START Extracted data

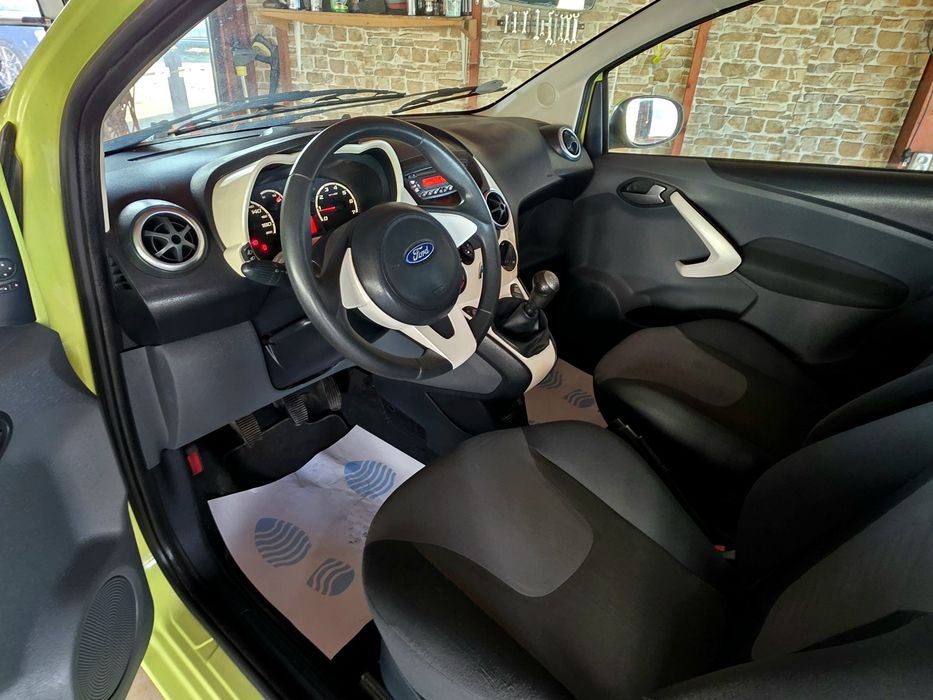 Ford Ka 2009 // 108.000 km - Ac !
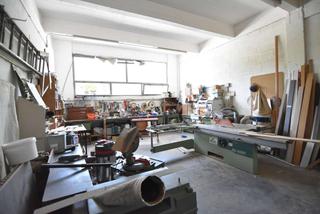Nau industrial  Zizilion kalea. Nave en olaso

END Extracted data
START Extracted data

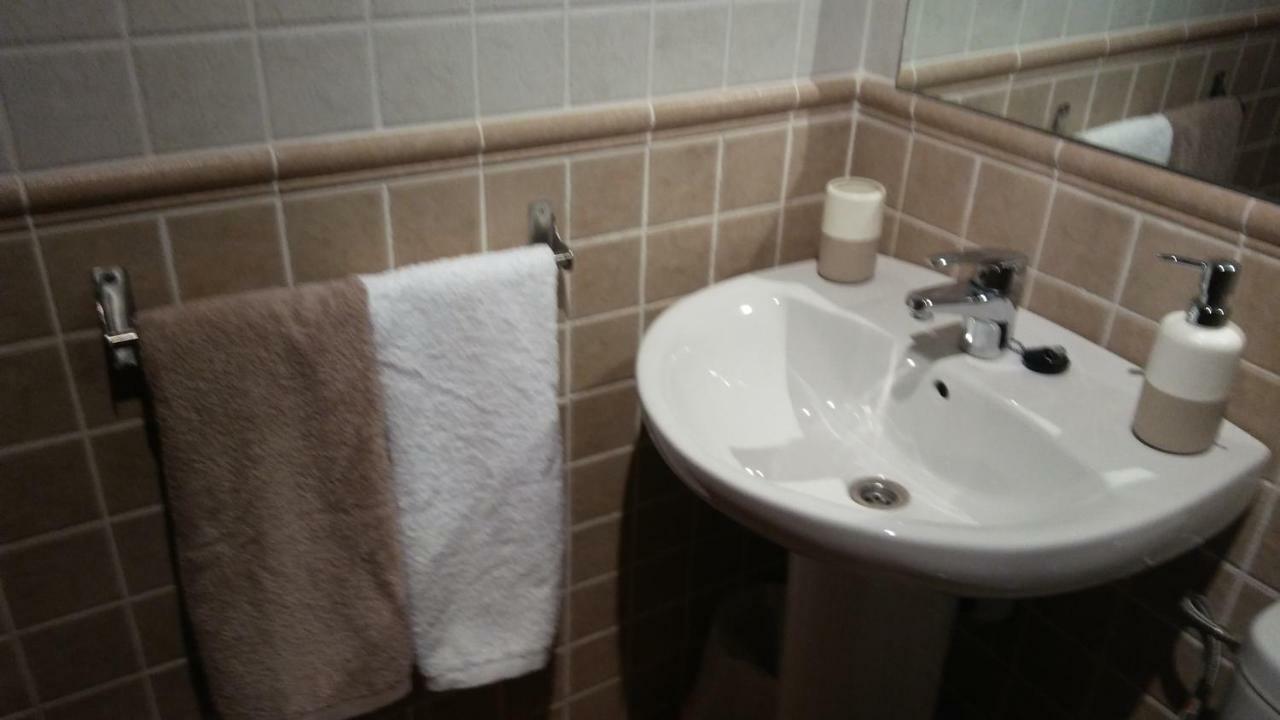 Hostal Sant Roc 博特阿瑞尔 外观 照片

END Extracted data

◆ **Your task**: Once the line with "Ford Ka 2009 // 108.000 km - Ac !" has been found above, output that line and every later line exactly, stopping after the line with "Nave en olaso", and omit the pictures.

◆ **Written solution**:
 Ford Ka 2009 // 108.000 km - Ac !
Nau industrial  Zizilion kalea. Nave en olaso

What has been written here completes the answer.